A parian doll, sometimes mistakenly referred to as a Dresden doll, was a type of doll manufactured primarily in Germany, from around 1860 to 1880. A parian doll, like a china doll, has a body made from fabrics and a head created from untinted white porcelain. Unlike the china doll however, the parian doll's head is not dipped in glaze before firing and as such has a matte finish, similar to bisque dolls, giving it a markedly different appearance. The term parian refers to the appearance of the fine white Parian marble of Paros, Greece. The UFDC (United Federation of Doll Clubs) accepted definition of these dolls is as follows: "Parian doll: doll made of fine white bisque (unglazed porcelain) without tinting. The features, hair and cheeks may be painted." Many collectors now are discarding the term parian in favor of untinted bisque versus tinted bisque.
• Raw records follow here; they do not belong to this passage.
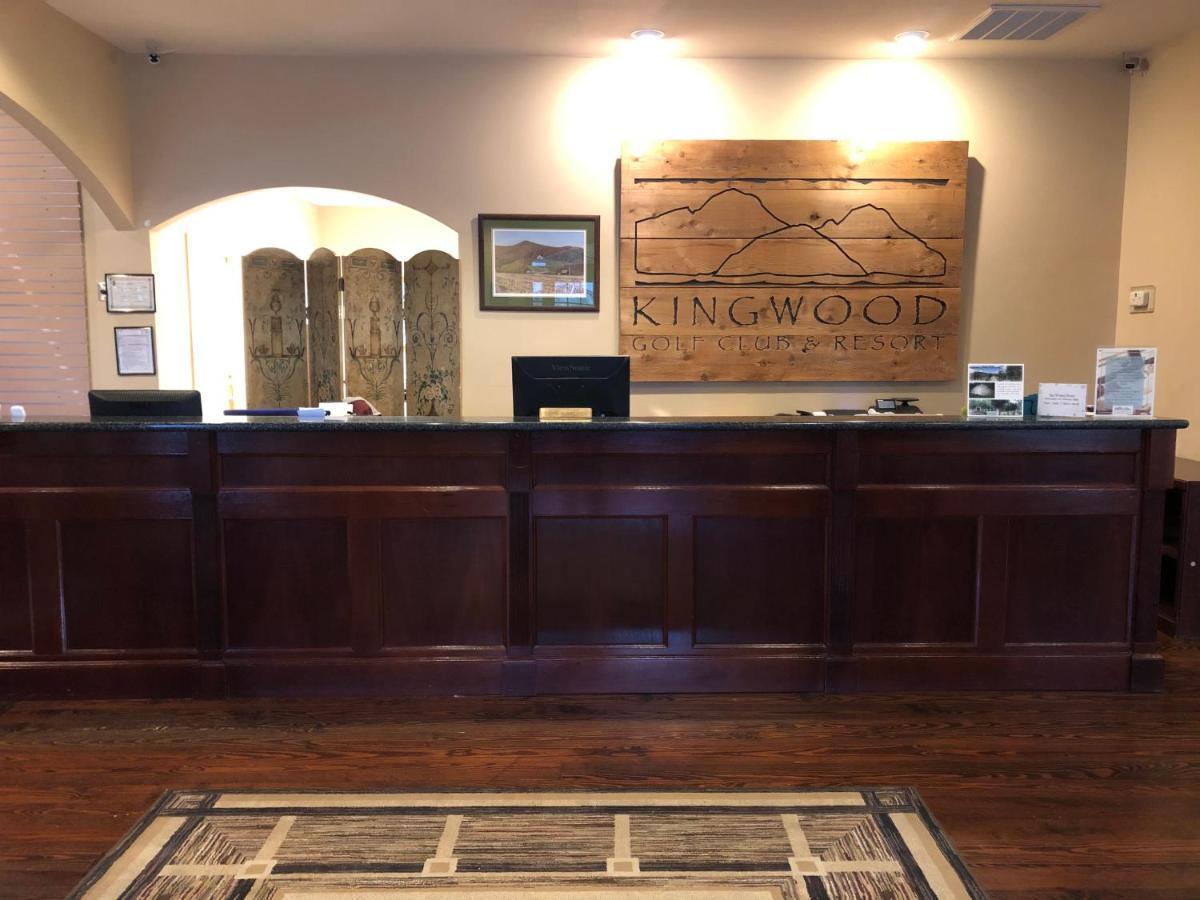 Kingwood Resort & Winery Clayton Eksteriør billede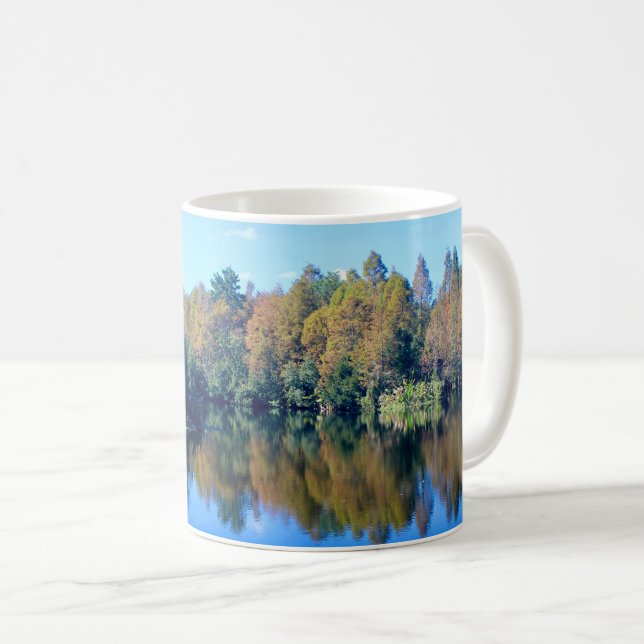 Taza De Café South Lake Howard (Anverso derecho)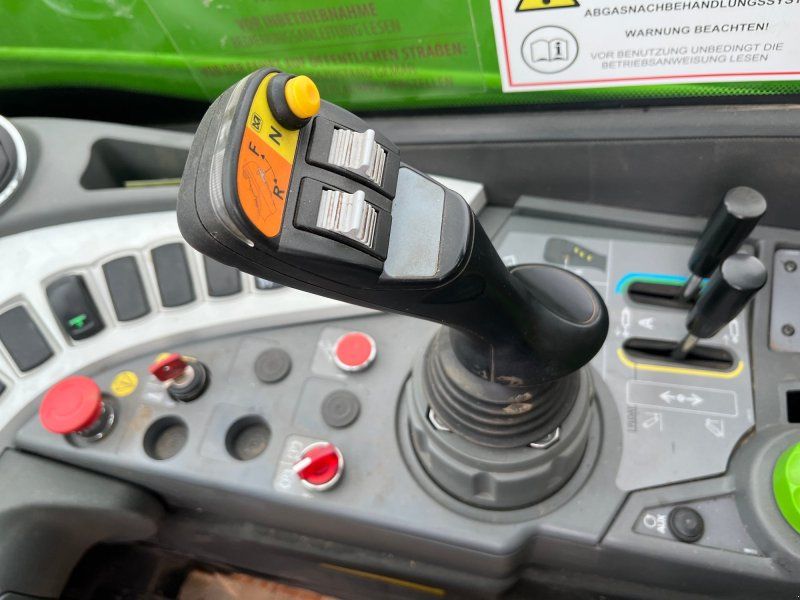 Merlo MF 34.7 mit Klima + Drulu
Parian dolls usually have molded blond hair. Brown and black haired parians are less common. Parians are often elaborately decorated with colored feathers, flowers, scarves, ribbons, combs, jewels, and luster ruffs (single, double, occasionally triple) about the bottom of the yoke. The hair was arranged in interesting and elaborate ways. The eyes were painted or glass. The glass-eyed dolls are sought after by collectors.

The lead company in manufacturing these untinted bisque parian dolls was Alt Beck & Gottschalck. Other manufacturers include Conta & Boehme, Dornheim Koch & Fischer, Kister, Hertel Schwab & Co., C. F. Kling & Co., Simon & Halbig, Bahr & Proschild, and Hertwig among many others.